現在、日経平均の25日、200日移動平均線は上向きで、上値指向の市場環境になっている。だが75日だけがまだ下向きだ。これこそが「相場は強い感じがあるが、一気に行きそうで行かない」現状を表している。
この75日移動平均がこのまま行くと5月28日あたりからいよいよ上向く。実は筆者の強気観の一つが同29日から劇的に上向く75日移動平均線だった。なぜなら5月29日の75日前は2月7日、つまり2月6日のマイナス1071円が計算範囲から外れるからだ。単純な計算だが、マーケットのセンチメントが一瞬にして変わるのは、意外に単純な理由による。しかしその1071円安を含む75日間の平均でも上向きになるということは、筆者が考えている以上の相場の強さが現れて来たということだ。
適温相場が復活へ
「少なくとも6月12日まで株価の大下げはない」。これが兜町で囁かれる相場観だ。何のことはない、同日の米朝首脳会談に対する期待だが、市場は、非核化に応じれば北朝鮮の金正恩体制を保証する考えをはっきりさせた米国の本気度を評価している。「シンガポールには習近平中国主席も乗り込む」などという兜町雀の説もあり、「朝鮮戦争終戦宣言に向けて大きな進展がある」という見方は根強い。
一方、恐怖指数とも言われる米VIX指数が一時12.65まで低下(5月18日現在では13.42)して話題になっている。2月5日の大波乱の時は37.32まで急上昇したが、2月に入っても1日はまだ13.47だった。指数急変でこの変動率指数に投資するファンドが事実上の破たんをしたのは記憶に新しいところだが、恐怖指数はあの事件の前の状態にほぼ戻っている。では、前の状態は何だったかと言うと、「ゴルディロックス相場」または「適温相場」と言われる状態だった。つまり米国は再び「適温相場」に戻ったのだ。
もちろん景気はどこかで天井を打つ。1月の雇用統計を受けて米10年債利回りが2.8%台を超えたところでダウは値幅としては最大の下げを演じたわけだが、この時は2.8%台がその天井金利ではないかと思われたためだ。その後、その金利水準は「3%」に変わったが、若干の波乱でそれは織り込まれ、現在の3.1%水準になっても波乱はない。つまり3.1%は適温(経済が過熱せず冷めすぎない状態)金利だということだ。
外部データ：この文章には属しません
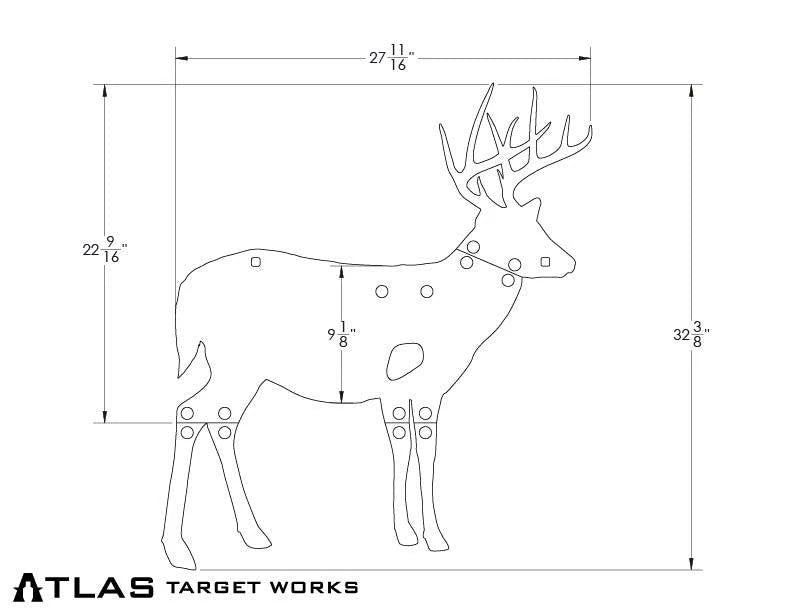 Whitetail Deer Steel Target - 50% Scale with Legs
では、景気や株価が天井を打つ金利はいくらなのか。これを当てた投資家がこの適温相場の勝者になる。このような相場の中で、日本における最大の弱材料は、2018年度の「企業収益見通し」だ。直近の日本経済新聞の集計では、売上高2.7%増、経常利益1.0%増に対して、純利益は2.0%減。結果、日経平均のEPS(1株利益)は5月9日の1722円から、16日には1641円まで急低下した。これでは上値は追えない。
だが次の四半期決算発表のある7月後半~8月前半には、円安を織り込んだ大幅上方修正が発表になるとの期待もある。それを評価しての「7月2万4000円説」も出ている。まずは、その前の6月前半にそれを占う野村、大和、SMBC、みずほ等大手証券の今期予想が出る。当面はこれら強弱材料が入り混じりながらの面白い相場展開が予想される。こうしたことも勘案しつつ、今週の日経平均予想レンジは2万2500円―2万3100円とする。